I like the way the paraphrase “The Message” puts these verses. It says, “Don’t look for shortcuts to God. The market is flooded with surefire, easygoing formulas for a successful life that can be practiced in your spare time. Don’t fall for that stuff, even though crowds of people do. The way to life—to God!—is vigorous and requires total attention. The reason I like this particular paraphrase of this scripture is because it so accurately reflects our present societal reality. Overwhelmingly we respond to surveys that we are people of Christian belief. Though it is declining somewhat, just two years ago 65% of American adults considered themselves to be Christian. I can say with a good deal of certainty that 65% of the American adult population is not looking for the narrow gate and the difficult path. The fact is that it didn’t matter to those people who were unable to navigate “Fat Man’s Misery” what percentage of others couldn’t either. They were the ones that found themselves unable to arrive at the destination they desired. They were each for all intents and purposes a statistic of one. The same is true for us in regards to our relationship with Jesus. It is called a personal relationship because it is necessarily personal. It will be developed to the degree that we allow and desire to see it developed. There are all kinds of things in life that seek to take our attention but when all is said and done there is only one way to eternity with God…having a close personal relationship with Jesus Christ. With such important implications that relationship should get the Lion’s share of our focus.

In his gospel, the Apostle John records that Jesus himself said this.  In John 14:6 Jesus told His disciples, “I am the way, the truth, and the life. No one comes to the Father except through Me. Jesus was clear there is only one way to the destination of eternal life in Heaven with Him. He is The Way, indicating that there is no other. Why? Because He is The Truth. Truth is an absolute. There is only one truth and the ultimate truth leads to life…Eternal Life. So, why is it so difficult? Why so narrow? Essentially, we make it so. It is one of those things of which I like to say it is difficult but not complicated. It isn’t complicated because the process is simple…Make Jesus Lord. It is difficult because we have to slip off of the throne of our own lives and allow Him His rightful place there. In the natural, we don’t want to do that. We like to be in control. We like to make the rules. We like to decide the direction we will go. Simply put, we like to think we are in charge. The gate to destruction is so wide because people want to believe they can make the rules, they can be in charge of their own lives…they can be their own lord and sit on their own throne…and if they are “Basically good people”, they will get to go to heaven someday.

Jesus said that’s not how it works. Only those who are righteous can spend eternity…or even a nano-second for that matter in the presence of God.
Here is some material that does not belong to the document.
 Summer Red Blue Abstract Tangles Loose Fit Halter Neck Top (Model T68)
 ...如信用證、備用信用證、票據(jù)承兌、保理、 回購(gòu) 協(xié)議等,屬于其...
Romans 3:22-25 lays out plainly that because of our sin we have a problem, but through genuine personal relationship with Jesus (the way the truth and the life) we have been gifted a solution. Those verses read as follows in the New Living Translation, We are made right with God by placing our faith in Jesus Christ. And this is true for everyone who believes, no matter who we are. For everyone has sinned; we all fall short of God’s glorious standard. Yet God, in his grace, freely makes us right in his sight. He did this through Christ Jesus when he freed us from the penalty for our sins. For God presented Jesus as the sacrifice for sin. People are made right with God when they believe that Jesus sacrificed his life, shedding his blood (in our place).

You are also a statistic of one. When faced with the narrow gate and the difficult path will you turn away and go back the way you came, or will you follow Jesus. Just as our guide knew the way out of the cave and led us back into the light of day, Jesus said “I am the light of the world. He who follows Me shall not walk in darkness, but have the light of life.” (John 8:12) Following Jesus is the only way to emerge in eternal life with God.

So now, entering the narrow gate with a smile on your lips and a grateful heart that Jesus has made a way for you…Go be awesome!